SEO, or search engine optimization, is the process of organically improving your ranking on a search engine result’s page. It involves optimizing your website so that search engines display your web pages as top results for relevant search queries. Let’s take a look at the basics of SEO, its types, and why SEO matters.

Content

How do search engines work?

Search engines perform three primary functions:

  1. Crawling: Involves using search engine spiders or web crawlers to go over the entire web for content. It’s similar to how a spider crawls its web in search of trapped insects or food bits. Search engine spiders are scripts or robots that find new, updated, and missing content.
  2. Indexing: Involves storing and organizing all content found as a result of crawling the web. Once your web page is indexed, it can be displayed on Search Engines Results Page (SERPs) to answer a user’s query. Every search engine processes and stores an index—a database of web pages that can appear on search results.
  3. Ranking: Search engines rank websites to provide the best results for a searcher’s query. This means that SERP lists websites in order of relevance to a query. When you search Google for electric cars, Google goes through its index for web pages that target the keyword electric cars.
Google search results for electric cars

Then it arranges these web pages in order of relevance, hoping that the first results provide everything you need to know about electric cars. There’s a running joke about Google’s ranking algorithm’s excellence. The best place to hide a dead body is page 2 of Google search results. This joke implies that most users find answers to their queries on Google’s first SERP.

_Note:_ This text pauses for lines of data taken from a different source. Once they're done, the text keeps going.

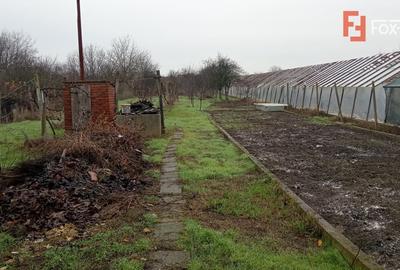 Casa individuala cu 5 camere de inchiriat zona Aradul Nou - 6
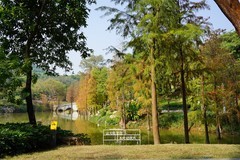 广州云萝植物园--2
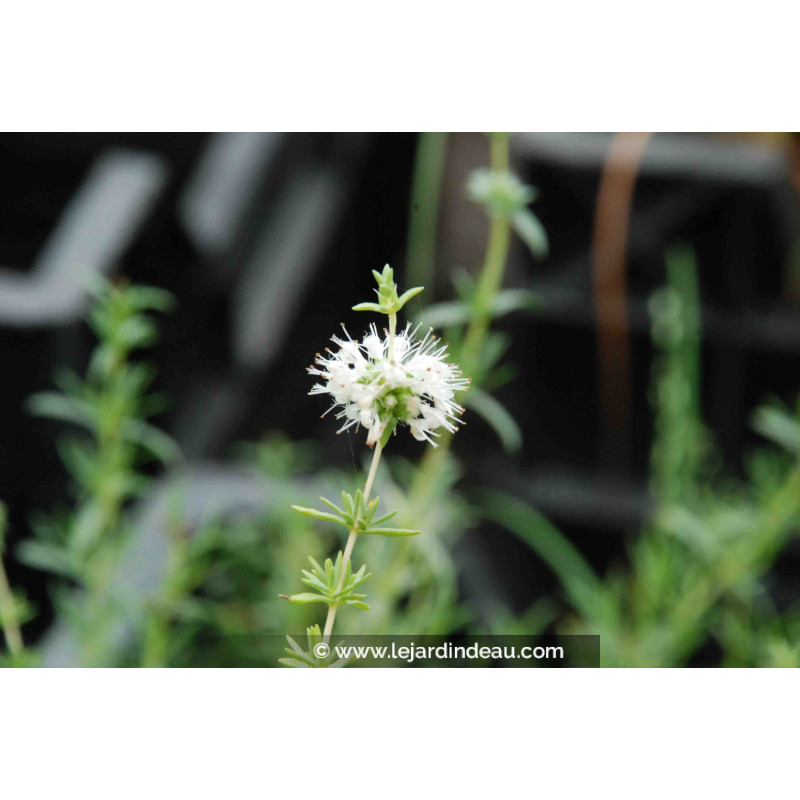 MENTHA cervina 'Alba'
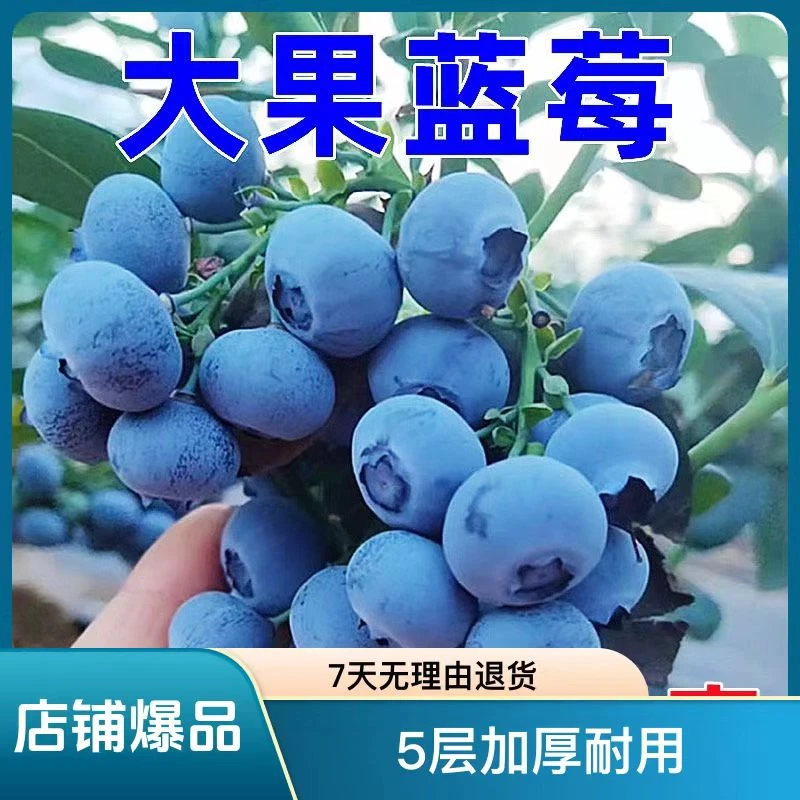 优质蓝莓树苗超大果庭院阳台盆栽地栽南方北方种植耐寒带果发货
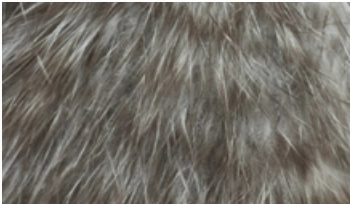 Whiting Bird Fur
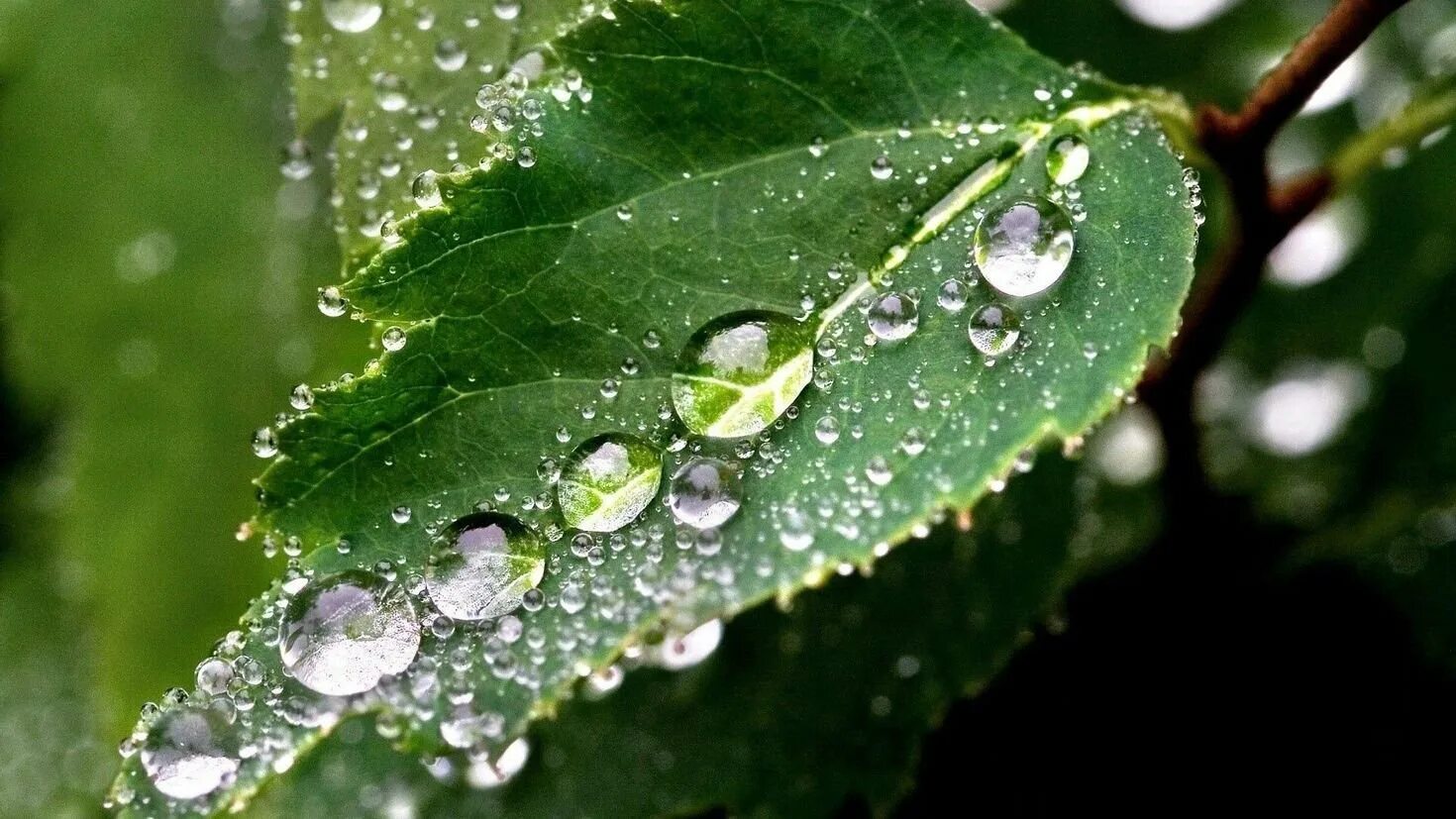 Роса стекает по белым стволам 4. Зеленый лист с каплей. Роса стекает по белым стволам 4. Роса стекает по белым стволам 4. Роса стекает по белым стволам 4.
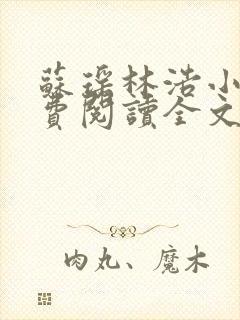 苏瑶林浩小说免费阅读全文最新章节封面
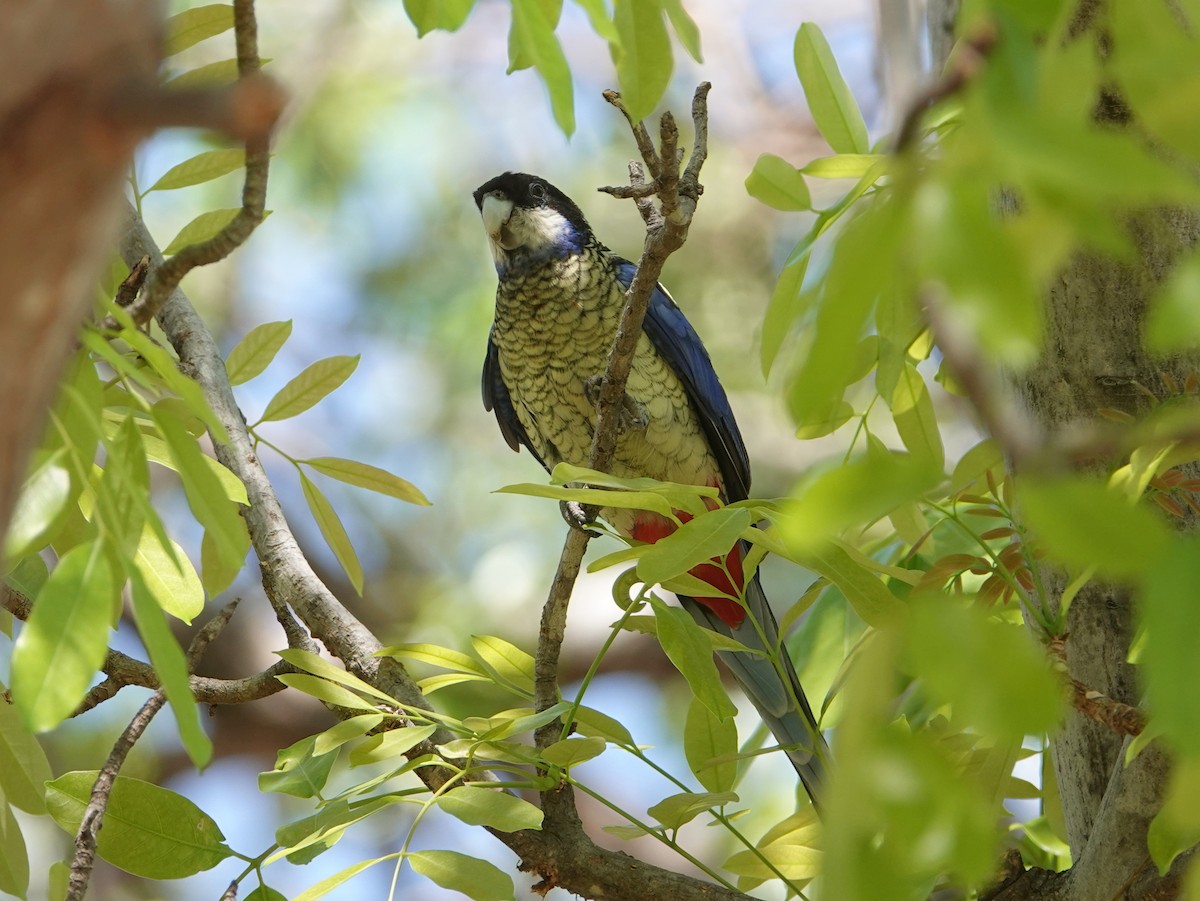 Northern Rosella - ML642903362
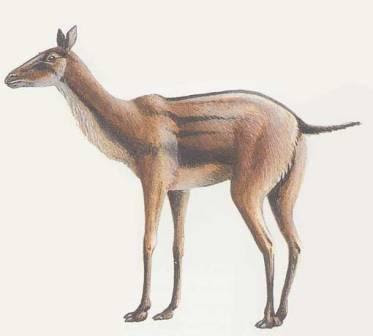 camellos extintos Stenomylus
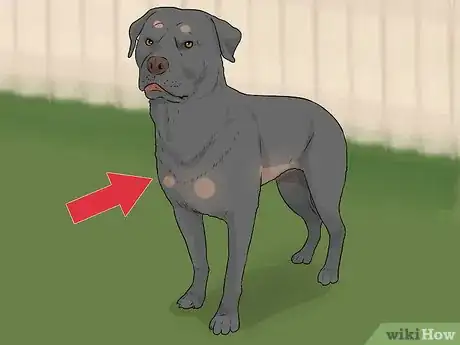 Imagen titulada Tell if a Dog Is Going to Attack Step 2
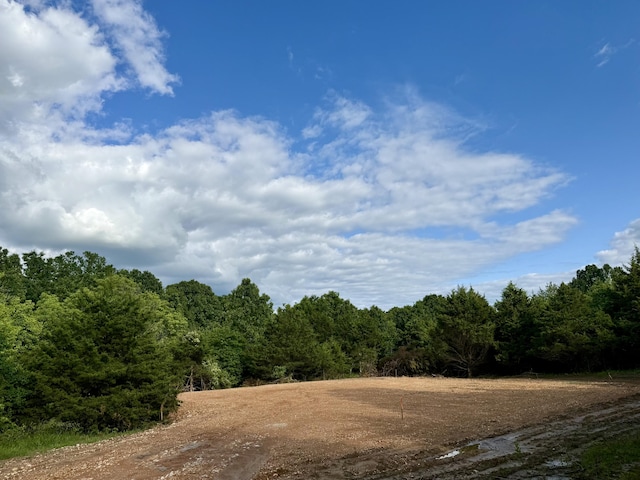 678 Red Top Rd, Fair Grove, MO 65648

The basics of search engine optimization

A good SEO strategy starts with proper keyword research. Then, you start creating valuable content that meets a user’s search intent by providing answers to their queries.  But search engine optimization goes further and deeper.

Let’s start with the most important SEO Basic every beginner must know.

1. Keyword research

Keyword research involves finding search phrases that are relevant to your web content. By our definition, keywords are words and phrases that are commonly used in search queries. First, you must understand your target audience and how they search for products or services related to yours.

Discover what people are searching for

What does your target audience ask Google? What search keywords do your competitors rank for? How many people are searching for it? How do they want answers—in pictures, videos, or text content? Answering these questions is the first step in keyword research.

Use a keyword tool

If you’ve created a shortlist of search phrases your target audience is using, you can further your research using keyword tools. Keyword tools are websites and programs that help you discover both long-tail and short-tail keywords to target. These tools also help you see who is searching for your keywords and how often people search per month.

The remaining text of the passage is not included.